La destruction du système nerveux intracrânien entraîne :

  • la libération des centres médullaires sous-jacents permettant à un automatisme médullaire de s’exprimer, d’où la persistance possible des reflexes ostéo-tendineux et un signe de Babinski ;
  • la suppression des stimuli centraux des centres inspiratoire et expiratoire, du centre cardio-moteur avec baisse de la compétence myocardique par réduction de l’inotropisme, et de chémo- et baro-récepteurs dont les arcs reflexes sont detruits, interrompant l’activité du centre vasoconstricteur et entraînant une vasoplégie ;
  • la destruction du centre thermorégulateur hypothalamique : la perte thermique de l’ordre de 1 °C par heure résulte d’une diminution de la thermogénèse par arrêt de la production de chaleur métabolique et par diminution du travail musculaire associée à un accroissement de la thermolyse périphérique liée à la vasoplégie ;
  • des troubles métaboliques et des anomalies de la perméabilité membranaire liés au ralentissement circulatoire, à l’hypoxie tissulaire, à l’hypothermie, à l’inhibition des ATPases membranaires et à l’acidose. Il en résulte des perturbations hydro-électrolytiques avec hypo-kaliémie, des troubles de l’équilibre acido-basique avec tendance à l’égalisation des pH intra et extracellulaire, et au niveau rénal un diabète insipide par diminution de la sécrétion d’ADH, liée à l’altération du diencéphale et à la destruction de l’axe hypothalamo-hypophysaire. La polyurie s’accompagne d’une hyperkaliurie et d’une hyper natrémie. La perméabilité membranaire accrue augmente la lactacidorachie ;
  • des perturbations hémodynamiques avec hypovolémie secondaire à la déshydratation, à la vasoplégie et à la chute de l’ADH (antidiuretic hormone, hormone antidiurétique) et une défaillance myocardique, caractérisée par une tendance à la bradycardie qui peut favoriser une fibrillation ventriculaire et une altération de la contractilité, une chute du débit cardiaque, une hypotension systémique, une insuffisance circulatoire généralisée débutant par les reins, le pancréas, le foie [2].

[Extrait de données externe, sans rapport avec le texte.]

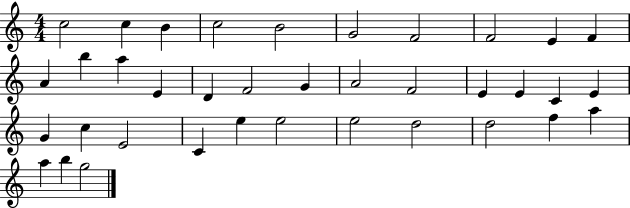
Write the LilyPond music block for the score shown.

{
  \clef treble
  \numericTimeSignature
  \time 4/4
  \key c \major
  c''2 c''4 b'4 | c''2 b'2 | g'2 f'2 | f'2 e'4 f'4 | \break a'4 b''4 a''4 e'4 | d'4 f'2 g'4 | a'2 f'2 | e'4 e'4 c'4 e'4 | \break g'4 c''4 e'2 | c'4 e''4 e''2 | e''2 d''2 | d''2 f''4 a''4 | \break a''4 b''4 g''2 | \bar "|."
}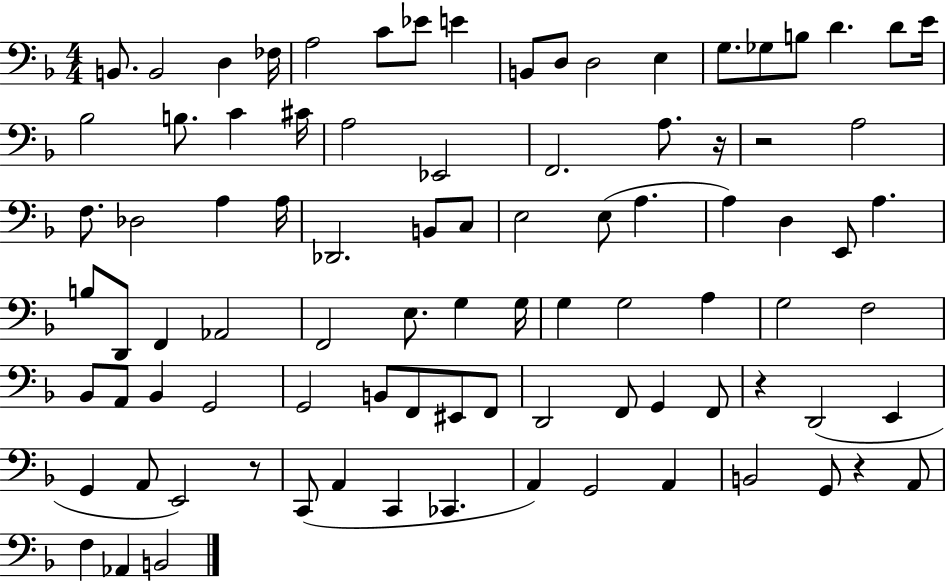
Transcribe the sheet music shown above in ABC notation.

X:1
T:Untitled
M:4/4
L:1/4
K:F
B,,/2 B,,2 D, _F,/4 A,2 C/2 _E/2 E B,,/2 D,/2 D,2 E, G,/2 _G,/2 B,/2 D D/2 E/4 _B,2 B,/2 C ^C/4 A,2 _E,,2 F,,2 A,/2 z/4 z2 A,2 F,/2 _D,2 A, A,/4 _D,,2 B,,/2 C,/2 E,2 E,/2 A, A, D, E,,/2 A, B,/2 D,,/2 F,, _A,,2 F,,2 E,/2 G, G,/4 G, G,2 A, G,2 F,2 _B,,/2 A,,/2 _B,, G,,2 G,,2 B,,/2 F,,/2 ^E,,/2 F,,/2 D,,2 F,,/2 G,, F,,/2 z D,,2 E,, G,, A,,/2 E,,2 z/2 C,,/2 A,, C,, _C,, A,, G,,2 A,, B,,2 G,,/2 z A,,/2 F, _A,, B,,2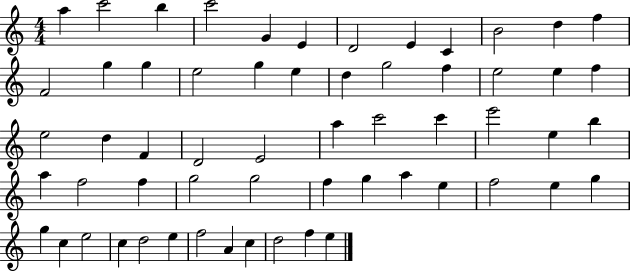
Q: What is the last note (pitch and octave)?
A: E5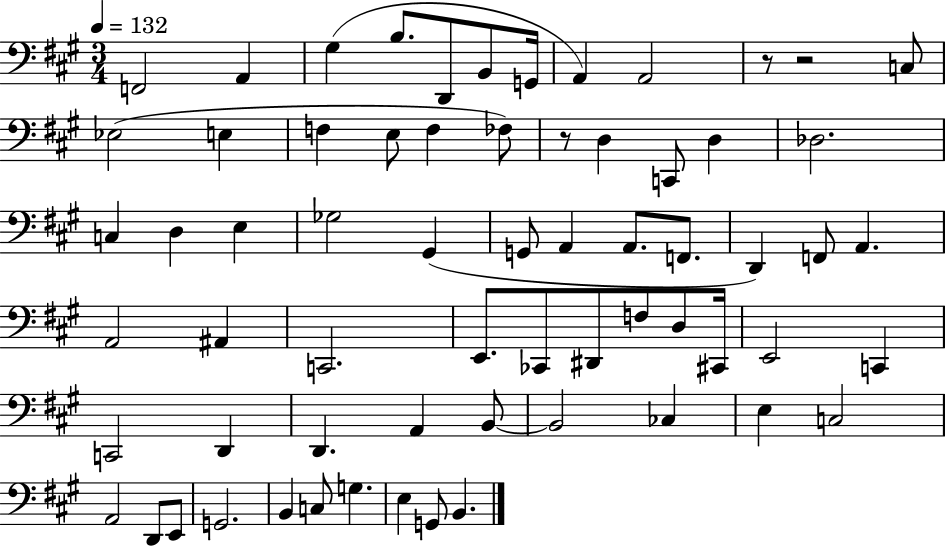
X:1
T:Untitled
M:3/4
L:1/4
K:A
F,,2 A,, ^G, B,/2 D,,/2 B,,/2 G,,/4 A,, A,,2 z/2 z2 C,/2 _E,2 E, F, E,/2 F, _F,/2 z/2 D, C,,/2 D, _D,2 C, D, E, _G,2 ^G,, G,,/2 A,, A,,/2 F,,/2 D,, F,,/2 A,, A,,2 ^A,, C,,2 E,,/2 _C,,/2 ^D,,/2 F,/2 D,/2 ^C,,/4 E,,2 C,, C,,2 D,, D,, A,, B,,/2 B,,2 _C, E, C,2 A,,2 D,,/2 E,,/2 G,,2 B,, C,/2 G, E, G,,/2 B,,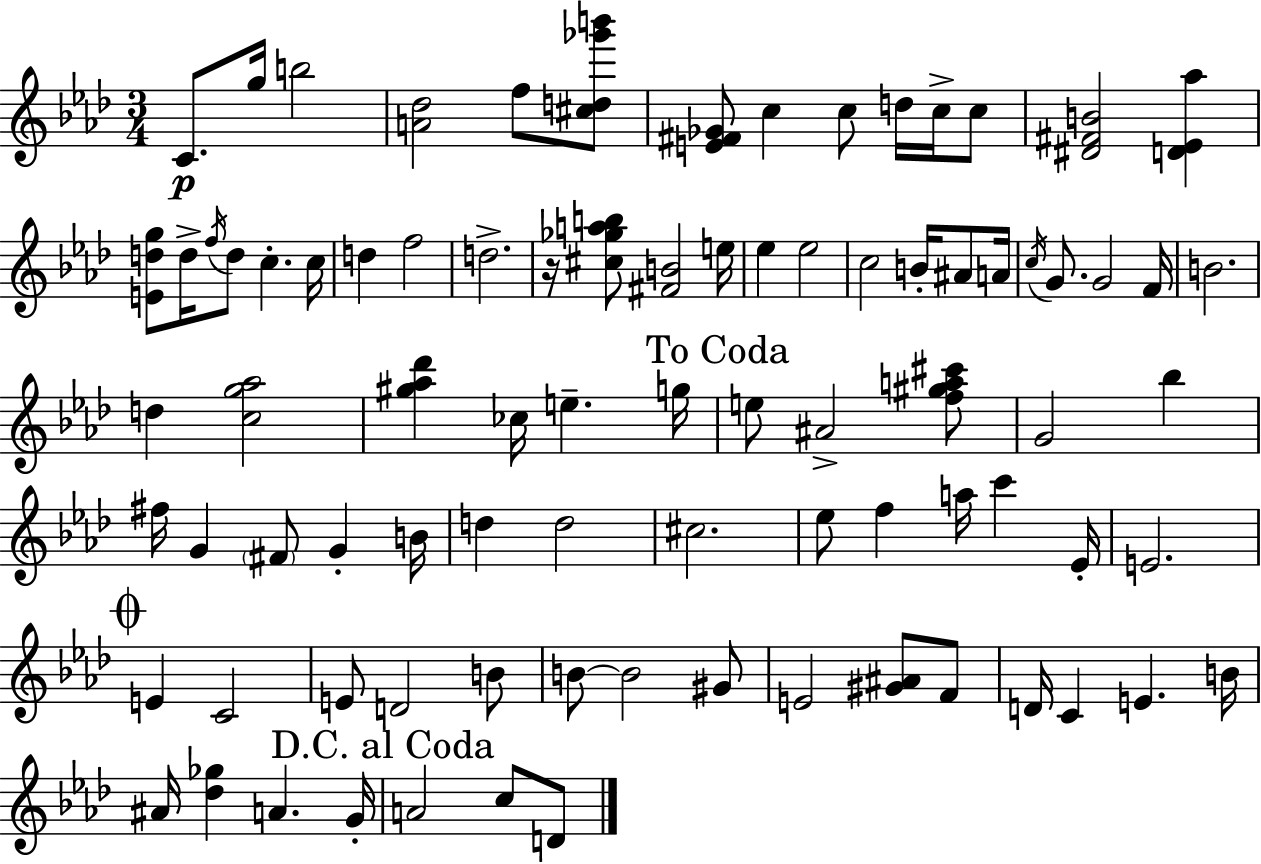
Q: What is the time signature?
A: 3/4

Le diagnostic de mort cérébrale est évoqué cliniquement devant un coma profond aréactif avec :

  • abolition de toute activité dans les territoires des nerfs crâniens ; les reflexes cornéens et photomoteurs sont abolis avec une mydriase bilatérale aréactive ; par contre, une activité médullaire peut persister (reflexes ostéo-tendineux, reflexes cutanés plantaires, priapisme) ;
  • abolition de la respiration spontanée, vérifiée par une épreuve de débranchement du respirateur de 15 minutes.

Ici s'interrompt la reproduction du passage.